▸ Required action: Return the full listing, keeping every line exactly as it is.
::::::::::
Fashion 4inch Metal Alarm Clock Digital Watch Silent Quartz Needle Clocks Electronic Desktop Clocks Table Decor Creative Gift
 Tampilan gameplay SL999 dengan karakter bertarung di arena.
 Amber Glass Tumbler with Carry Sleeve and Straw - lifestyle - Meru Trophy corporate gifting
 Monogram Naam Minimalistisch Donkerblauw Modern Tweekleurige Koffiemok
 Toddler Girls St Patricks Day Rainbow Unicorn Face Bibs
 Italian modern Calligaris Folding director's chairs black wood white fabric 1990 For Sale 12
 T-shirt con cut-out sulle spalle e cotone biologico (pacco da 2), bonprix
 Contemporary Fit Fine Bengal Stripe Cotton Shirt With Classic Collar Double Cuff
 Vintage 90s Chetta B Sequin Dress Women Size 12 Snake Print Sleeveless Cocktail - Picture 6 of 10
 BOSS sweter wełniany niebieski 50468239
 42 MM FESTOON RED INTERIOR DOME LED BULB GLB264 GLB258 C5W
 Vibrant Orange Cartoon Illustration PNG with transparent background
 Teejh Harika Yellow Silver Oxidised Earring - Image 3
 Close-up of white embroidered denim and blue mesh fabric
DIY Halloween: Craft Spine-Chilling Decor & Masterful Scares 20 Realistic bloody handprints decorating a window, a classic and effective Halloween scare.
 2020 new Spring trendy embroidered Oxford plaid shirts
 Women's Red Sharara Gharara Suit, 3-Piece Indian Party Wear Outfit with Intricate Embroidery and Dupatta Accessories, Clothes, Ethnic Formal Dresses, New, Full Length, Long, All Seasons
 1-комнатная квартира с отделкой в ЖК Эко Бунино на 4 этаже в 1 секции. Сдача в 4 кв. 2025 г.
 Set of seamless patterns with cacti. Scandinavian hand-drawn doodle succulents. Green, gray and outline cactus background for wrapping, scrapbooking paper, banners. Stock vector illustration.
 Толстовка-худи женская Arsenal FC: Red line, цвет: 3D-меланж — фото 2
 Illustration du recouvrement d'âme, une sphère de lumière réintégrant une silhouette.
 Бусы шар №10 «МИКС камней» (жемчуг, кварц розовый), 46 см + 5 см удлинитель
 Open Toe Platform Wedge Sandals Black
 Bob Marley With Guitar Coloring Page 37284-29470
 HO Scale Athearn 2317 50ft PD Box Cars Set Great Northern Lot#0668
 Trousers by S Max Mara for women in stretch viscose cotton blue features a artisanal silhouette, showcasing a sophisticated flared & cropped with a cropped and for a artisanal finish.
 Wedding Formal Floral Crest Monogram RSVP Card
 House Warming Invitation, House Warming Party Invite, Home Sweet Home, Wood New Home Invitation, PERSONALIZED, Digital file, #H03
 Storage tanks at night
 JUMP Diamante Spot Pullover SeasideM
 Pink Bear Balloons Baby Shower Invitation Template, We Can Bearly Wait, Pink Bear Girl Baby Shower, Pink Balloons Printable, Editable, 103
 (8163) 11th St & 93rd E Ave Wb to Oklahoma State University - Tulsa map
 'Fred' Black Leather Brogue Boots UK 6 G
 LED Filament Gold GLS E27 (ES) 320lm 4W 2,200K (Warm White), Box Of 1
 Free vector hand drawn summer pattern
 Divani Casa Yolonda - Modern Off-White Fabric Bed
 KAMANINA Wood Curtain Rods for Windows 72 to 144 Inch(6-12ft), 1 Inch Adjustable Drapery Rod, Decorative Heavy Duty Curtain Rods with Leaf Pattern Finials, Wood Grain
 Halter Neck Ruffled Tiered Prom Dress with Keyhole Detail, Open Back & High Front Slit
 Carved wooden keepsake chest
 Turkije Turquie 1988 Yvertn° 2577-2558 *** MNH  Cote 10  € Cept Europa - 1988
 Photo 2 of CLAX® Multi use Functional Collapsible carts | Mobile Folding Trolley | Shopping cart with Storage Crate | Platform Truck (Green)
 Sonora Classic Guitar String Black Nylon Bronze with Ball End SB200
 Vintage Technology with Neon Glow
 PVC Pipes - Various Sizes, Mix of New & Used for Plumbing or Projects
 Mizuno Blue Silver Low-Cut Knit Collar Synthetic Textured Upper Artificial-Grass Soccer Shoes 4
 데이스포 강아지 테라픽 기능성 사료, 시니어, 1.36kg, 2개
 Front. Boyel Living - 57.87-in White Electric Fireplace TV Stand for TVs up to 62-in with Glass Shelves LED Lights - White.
::::::::::
▸ Exercise response:
Fashion 4inch Metal Alarm Clock Digital Watch Silent Quartz Needle Clocks Electronic Desktop Clocks Table Decor Creative Gift
 Tampilan gameplay SL999 dengan karakter bertarung di arena.
 Amber Glass Tumbler with Carry Sleeve and Straw - lifestyle - Meru Trophy corporate gifting
 Monogram Naam Minimalistisch Donkerblauw Modern Tweekleurige Koffiemok
 Toddler Girls St Patricks Day Rainbow Unicorn Face Bibs
 Italian modern Calligaris Folding director's chairs black wood white fabric 1990 For Sale 12
 T-shirt con cut-out sulle spalle e cotone biologico (pacco da 2), bonprix
 Contemporary Fit Fine Bengal Stripe Cotton Shirt With Classic Collar Double Cuff
 Vintage 90s Chetta B Sequin Dress Women Size 12 Snake Print Sleeveless Cocktail - Picture 6 of 10
 BOSS sweter wełniany niebieski 50468239
 42 MM FESTOON RED INTERIOR DOME LED BULB GLB264 GLB258 C5W
 Vibrant Orange Cartoon Illustration PNG with transparent background
 Teejh Harika Yellow Silver Oxidised Earring - Image 3
 Close-up of white embroidered denim and blue mesh fabric
DIY Halloween: Craft Spine-Chilling Decor & Masterful Scares 20 Realistic bloody handprints decorating a window, a classic and effective Halloween scare.
 2020 new Spring trendy embroidered Oxford plaid shirts
 Women's Red Sharara Gharara Suit, 3-Piece Indian Party Wear Outfit with Intricate Embroidery and Dupatta Accessories, Clothes, Ethnic Formal Dresses, New, Full Length, Long, All Seasons
 1-комнатная квартира с отделкой в ЖК Эко Бунино на 4 этаже в 1 секции. Сдача в 4 кв. 2025 г.
 Set of seamless patterns with cacti. Scandinavian hand-drawn doodle succulents. Green, gray and outline cactus background for wrapping, scrapbooking paper, banners. Stock vector illustration.
 Толстовка-худи женская Arsenal FC: Red line, цвет: 3D-меланж — фото 2
 Illustration du recouvrement d'âme, une sphère de lumière réintégrant une silhouette.
 Бусы шар №10 «МИКС камней» (жемчуг, кварц розовый), 46 см + 5 см удлинитель
 Open Toe Platform Wedge Sandals Black
 Bob Marley With Guitar Coloring Page 37284-29470
 HO Scale Athearn 2317 50ft PD Box Cars Set Great Northern Lot#0668
 Trousers by S Max Mara for women in stretch viscose cotton blue features a artisanal silhouette, showcasing a sophisticated flared & cropped with a cropped and for a artisanal finish.
 Wedding Formal Floral Crest Monogram RSVP Card
 House Warming Invitation, House Warming Party Invite, Home Sweet Home, Wood New Home Invitation, PERSONALIZED, Digital file, #H03
 Storage tanks at night
 JUMP Diamante Spot Pullover SeasideM
 Pink Bear Balloons Baby Shower Invitation Template, We Can Bearly Wait, Pink Bear Girl Baby Shower, Pink Balloons Printable, Editable, 103
 (8163) 11th St & 93rd E Ave Wb to Oklahoma State University - Tulsa map
 'Fred' Black Leather Brogue Boots UK 6 G
 LED Filament Gold GLS E27 (ES) 320lm 4W 2,200K (Warm White), Box Of 1
 Free vector hand drawn summer pattern
 Divani Casa Yolonda - Modern Off-White Fabric Bed
 KAMANINA Wood Curtain Rods for Windows 72 to 144 Inch(6-12ft), 1 Inch Adjustable Drapery Rod, Decorative Heavy Duty Curtain Rods with Leaf Pattern Finials, Wood Grain
 Halter Neck Ruffled Tiered Prom Dress with Keyhole Detail, Open Back & High Front Slit
 Carved wooden keepsake chest
 Turkije Turquie 1988 Yvertn° 2577-2558 *** MNH  Cote 10  € Cept Europa - 1988
 Photo 2 of CLAX® Multi use Functional Collapsible carts | Mobile Folding Trolley | Shopping cart with Storage Crate | Platform Truck (Green)
 Sonora Classic Guitar String Black Nylon Bronze with Ball End SB200
 Vintage Technology with Neon Glow
 PVC Pipes - Various Sizes, Mix of New & Used for Plumbing or Projects
 Mizuno Blue Silver Low-Cut Knit Collar Synthetic Textured Upper Artificial-Grass Soccer Shoes 4
 데이스포 강아지 테라픽 기능성 사료, 시니어, 1.36kg, 2개
 Front. Boyel Living - 57.87-in White Electric Fireplace TV Stand for TVs up to 62-in with Glass Shelves LED Lights - White.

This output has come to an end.